### Exercise aim
Which of the lines below contain the string "Street"? Copy each one.

### Data extract
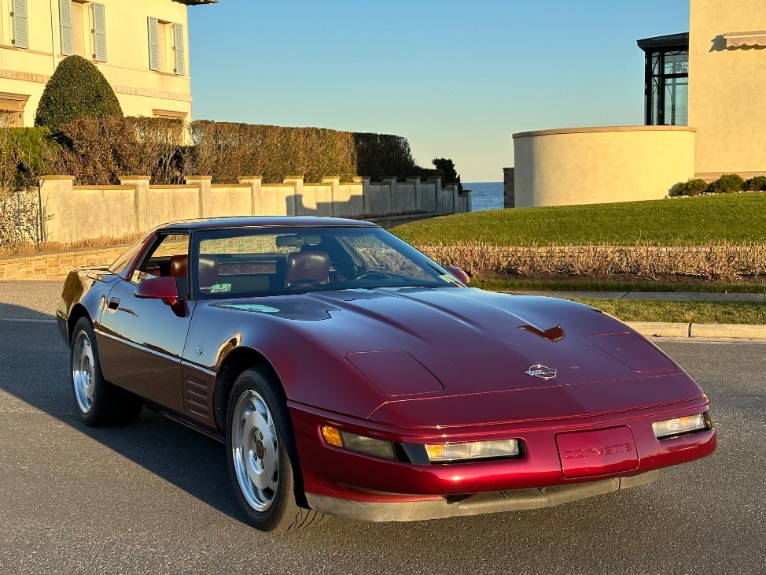 Used-1993-Chevrolet-Corvette-40th-Anniversary-Convertible-C4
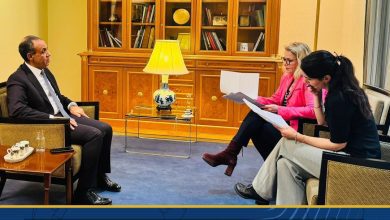 صورة وزير الخارجية يستعرض في لقاء صحفي مع “دير شبيجل” تطور العلاقات المصرية-الألمانية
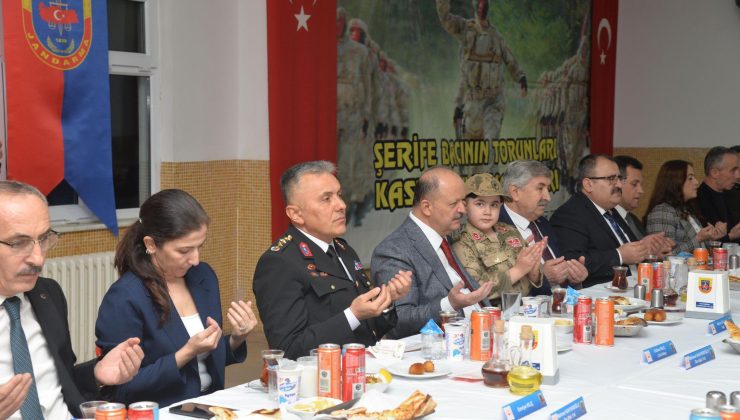 Vali Dallı, Şehit yakınları ve Gaziler ile iftar açtı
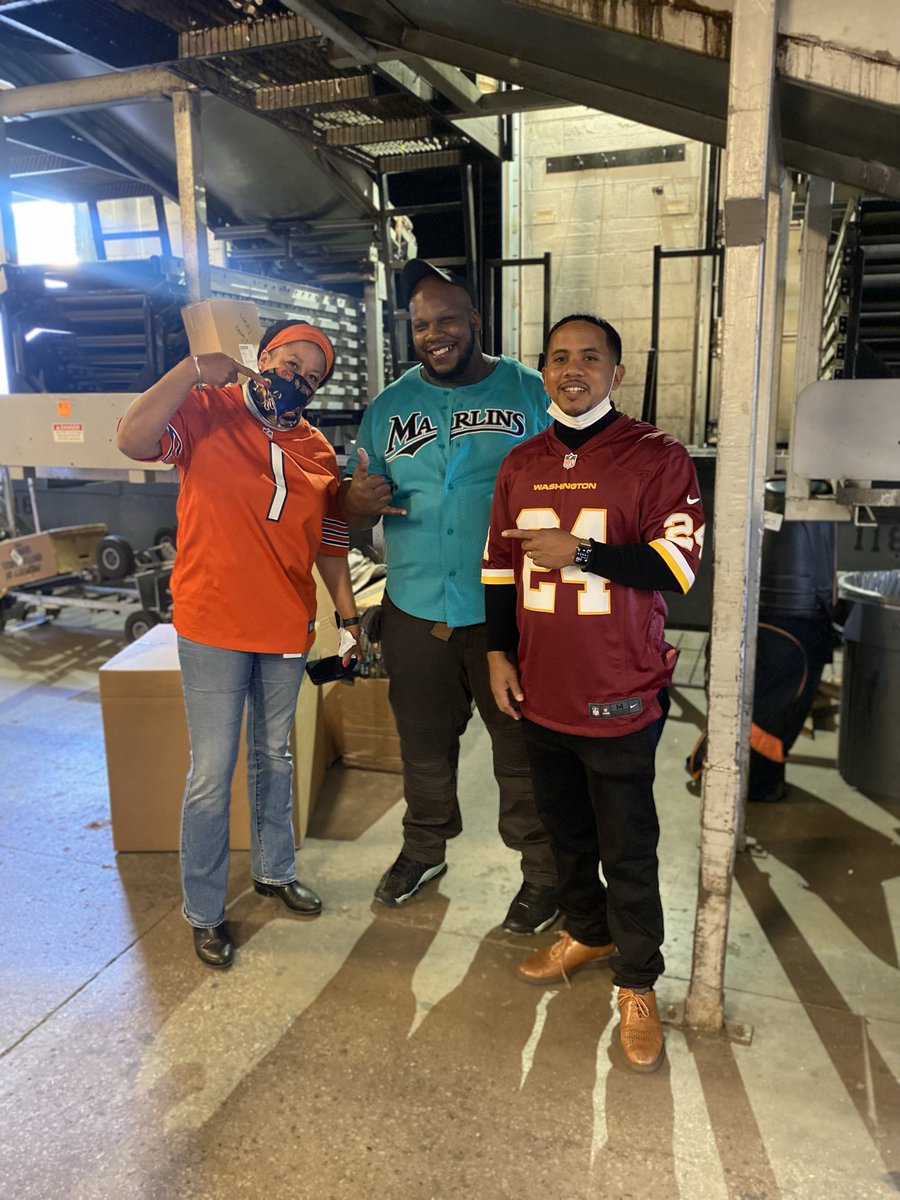 Marlon Guidry (@guidrymarlon) on Twitter photo Big Mike and <a href="/JeffStVerna/">Verna Burns</a> rocking their favorite Sports team. I just like the Washington Football Team colors π
. Central Plains UPS Spirit Day. <a href="/CP_UPSers/">Central Plains</a> <a href="/ILJeffstSafety/">Chicago Jeff Street UPSers Preload</a> Big Mike and <a href="/JeffStVerna/">Verna Burns</a> rocking their favorite Sports team. I just like the Washington Football Team colors π
. Central Plains UPS Spirit Day. <a href="/CP_UPSers/">Central Plains</a> <a href="/ILJeffstSafety/">Chicago Jeff Street UPSers Preload</a>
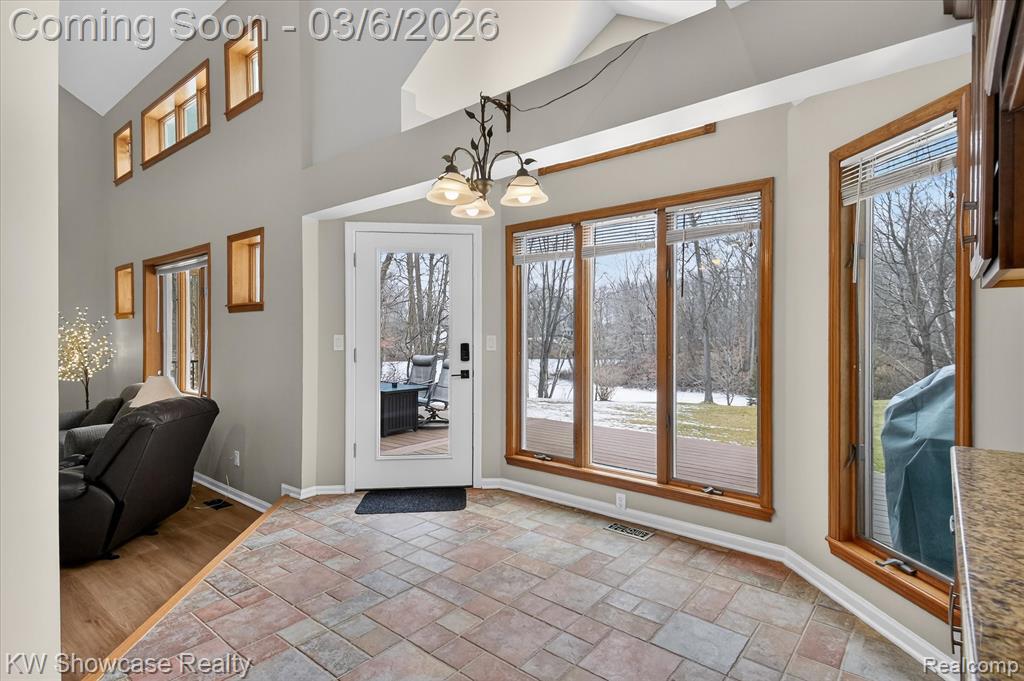 2031 Saint Clair Drive, Highland, MI — Photo 17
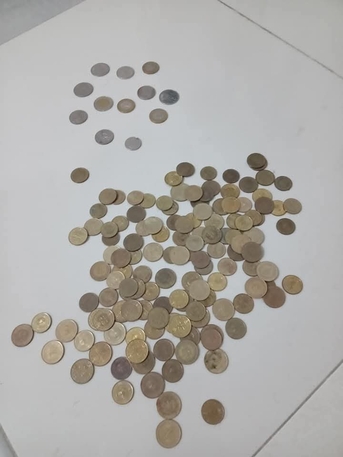 Riffa, Free Items, BHD 10,  Old Currency And Coins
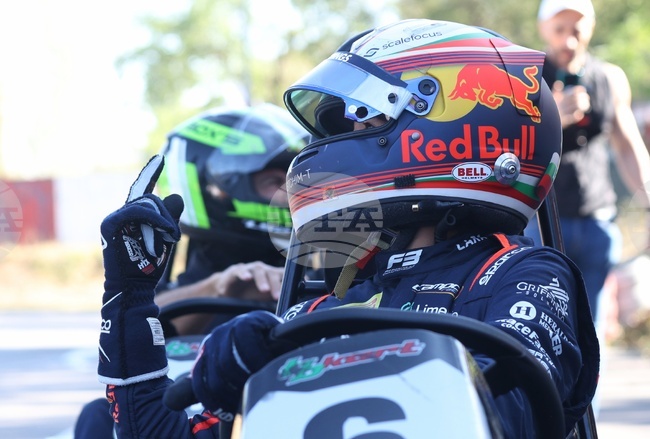 Никола Цолов завърши на 12-о място в състезанието в Абу Даби във Формула 2, победител е парагваецът Джошуа Дюрксен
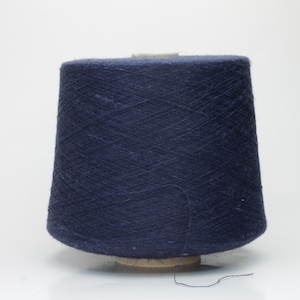 Cône de fil mélangé soie/cachemire bleu foncé 30/60/10 % cachemire/soie/lin NM 3/80 à tricoter au crochet 2600 m/100 g (2843 yrd/3.52 oz)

### Answer section
. Central Plains UPS Spirit Day. <a href="/CP_UPSers/">Central Plains</a> <a href="/ILJeffstSafety/">Chicago Jeff Street UPSers Preload</a> Big Mike and <a href="/JeffStVerna/">Verna Burns</a> rocking their favorite Sports team. I just like the Washington Football Team colors π
. Central Plains UPS Spirit Day. <a href="/CP_UPSers/">Central Plains</a> <a href="/ILJeffstSafety/">Chicago Jeff Street UPSers Preload</a>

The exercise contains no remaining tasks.